Supplied information →
----------

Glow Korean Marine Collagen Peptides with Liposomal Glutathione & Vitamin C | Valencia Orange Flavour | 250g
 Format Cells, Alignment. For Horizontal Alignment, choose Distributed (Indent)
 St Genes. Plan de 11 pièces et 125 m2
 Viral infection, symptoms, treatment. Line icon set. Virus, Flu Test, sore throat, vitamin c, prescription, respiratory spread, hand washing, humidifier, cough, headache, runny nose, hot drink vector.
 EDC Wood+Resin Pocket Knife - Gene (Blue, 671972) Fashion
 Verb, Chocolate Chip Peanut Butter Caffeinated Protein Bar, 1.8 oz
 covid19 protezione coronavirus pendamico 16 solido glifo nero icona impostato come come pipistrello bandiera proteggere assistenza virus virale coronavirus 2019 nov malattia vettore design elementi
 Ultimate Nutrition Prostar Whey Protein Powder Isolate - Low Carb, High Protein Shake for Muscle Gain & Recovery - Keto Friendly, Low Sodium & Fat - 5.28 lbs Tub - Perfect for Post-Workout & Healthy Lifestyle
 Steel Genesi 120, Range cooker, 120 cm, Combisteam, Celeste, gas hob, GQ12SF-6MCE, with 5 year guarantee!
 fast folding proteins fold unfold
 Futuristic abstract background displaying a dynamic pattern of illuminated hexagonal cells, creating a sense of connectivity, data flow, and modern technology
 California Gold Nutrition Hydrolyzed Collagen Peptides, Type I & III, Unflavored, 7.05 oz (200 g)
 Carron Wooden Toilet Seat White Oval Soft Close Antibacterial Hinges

----------

Task details → In the entries above, copy the lines from the one that contains "California Gold Nutrition" through the last line, exactly as they appear.

Task answer →
 California Gold Nutrition Hydrolyzed Collagen Peptides, Type I & III, Unflavored, 7.05 oz (200 g)
 Carron Wooden Toilet Seat White Oval Soft Close Antibacterial Hinges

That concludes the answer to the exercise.